→ TASK BRIEF
Write out exactly the lines from the one containing "Holly Garland with" to the end of the material, both ends included, and nothing else. Leave pictures out.

→ SUPPLIED MATERIAL
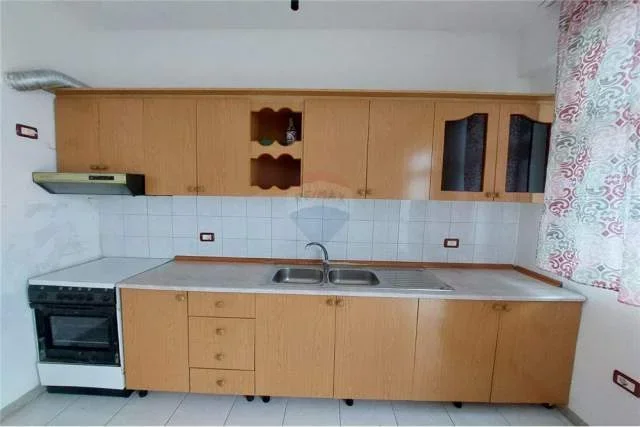 Vlore, shes apartament 3+1 Kati 3, 55.500 Euro (Vlore)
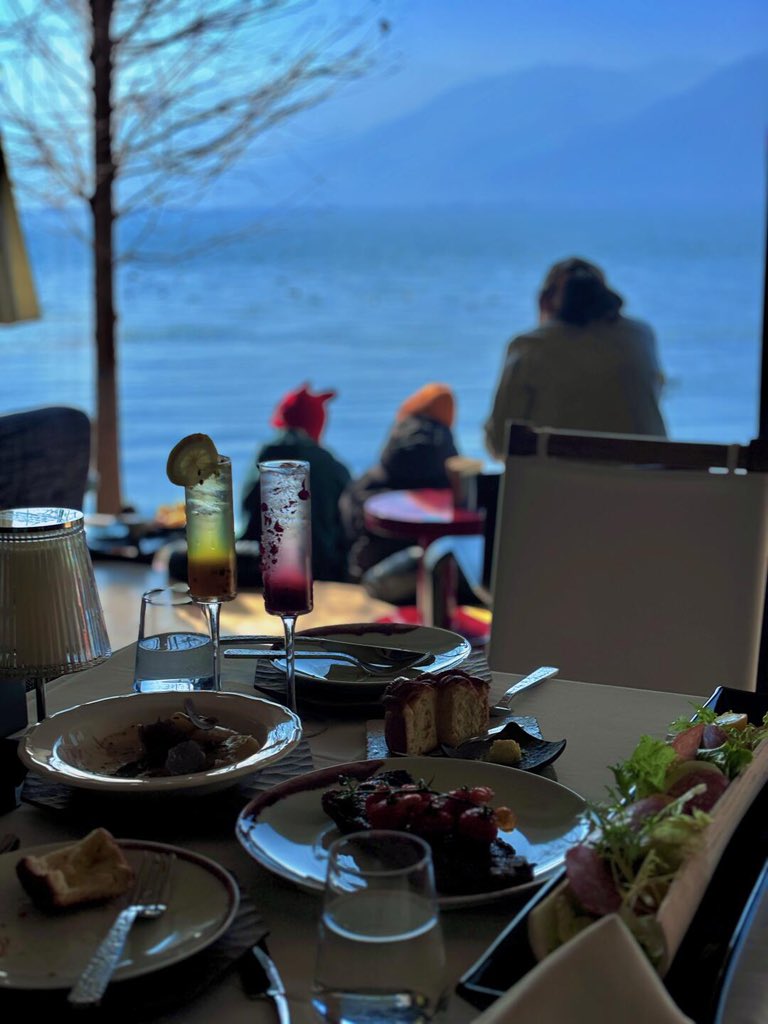 l120191373's tweet photo. 大理双廊 | 看洱海吃漂亮饭🍴

在双廊找到了绝美海景的餐厅~
#sichuan #chengdu #chongqinginsta #chongqingcity #chongqinglife #yunnan #lijiang #lijiangoldtown #丽江 #洱海 #erhai #大理 #dali #兴盛大桥 #大理古城 #rabbit #monet https://t.co/jjSXPL7CDT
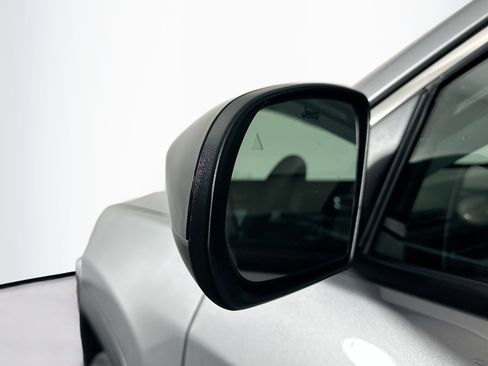 Used 2022 Jeep Compass Latitude FWD image 16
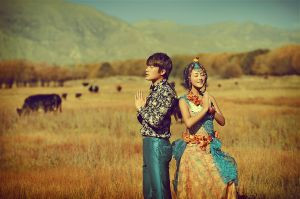 8848攝影(基地)作品——時尚名族風:我有一個夢想,在茫茫的草原遇見未知的自己;有一個真心愛我的你,見證我異域風情下的美麗。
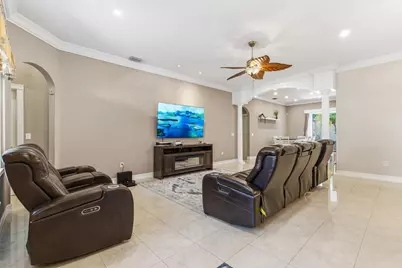 2570 SE 4th Place, Homestead, FL 33033 - Photo 7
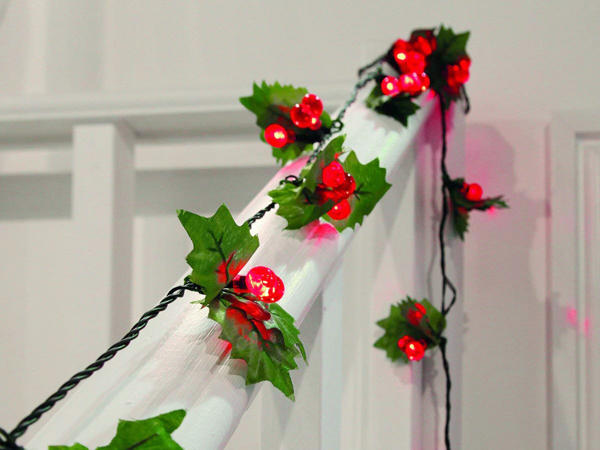 Holly Garland with Red Berries and 40 Red Leeds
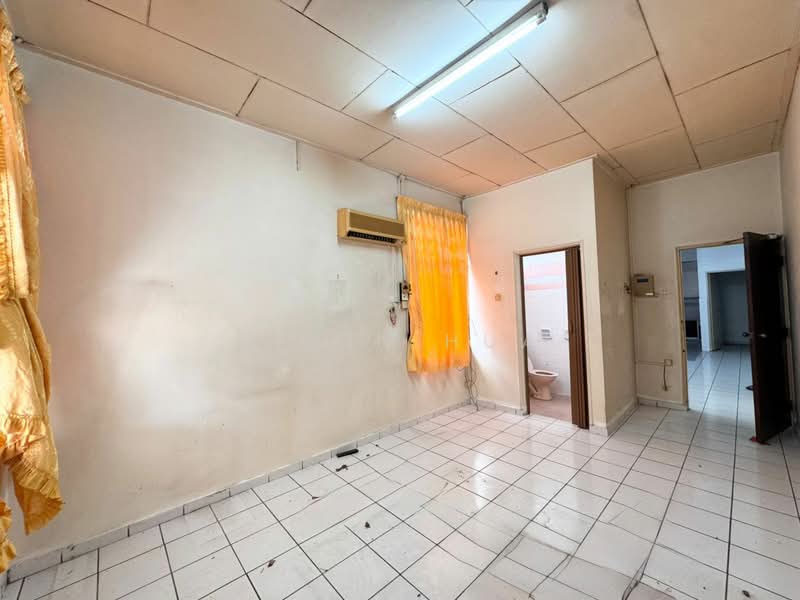 1-storey Terraced House for Sale in Taman Daya (Johor Bahru) - Kexin Hua - PropertyGuru.com.my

→ RESULT
 Holly Garland with Red Berries and 40 Red Leeds
 1-storey Terraced House for Sale in Taman Daya (Johor Bahru) - Kexin Hua - PropertyGuru.com.my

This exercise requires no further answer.